With various muttered imprecations, Logan carried Gus up the four flights of stairs to Summers' floor. He left Gus whining piteously on the top step and went back downstairs to retrieve the sack of groceries he had left on the bottom step. Inside the sublet Logan opened up a can of hash, slopped it onto a plate, and set the plate down on the cracked linoleum. He brewed a pot of coffee. He filled the claw-footed bathtub and rummaged through the plastic milk crates Summers kept his clothes in. Amid the tightie-whities he found several pairs of oversized -- for Summers -- boxers, what the guy used to sleep in, probably, and a lot of big, baggy -- for Summers -- flannel shirts.
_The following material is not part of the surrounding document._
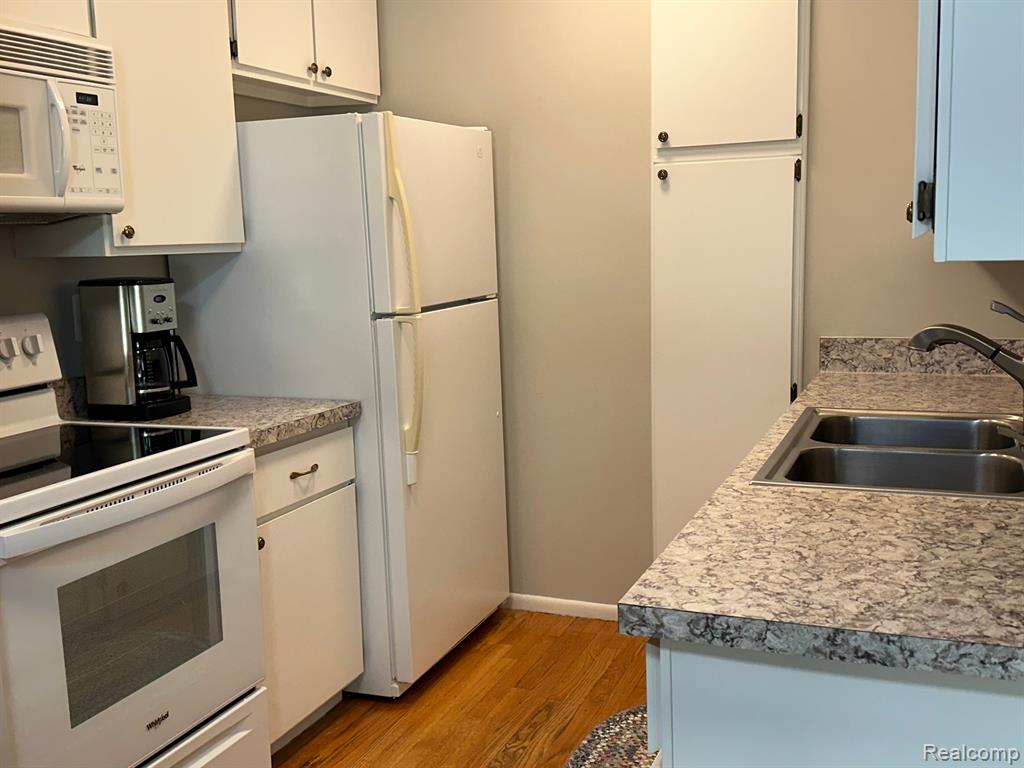 424 W ROCKWELL Street, Fenton, MI 48430 — Photo 17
Logan tossed the purloined clothing and his jeans over the back of a kitchen chair and thought that Summers was looking thinner than even a guy nicknamed Slim ought to look.
Still wearing the clothes he had fallen asleep in, Summers stumbled into the kitchen about thirty minutes later. Logan was sitting in the tub and dexterously juggling a cigar, a mug of coffee, and the Daily News. After a couple of blinks Summers cracked open the airshaft window and poured himself a cup of coffee. Summers' hair stuck up in tufts all over his head. All he needed were the footie pajamas.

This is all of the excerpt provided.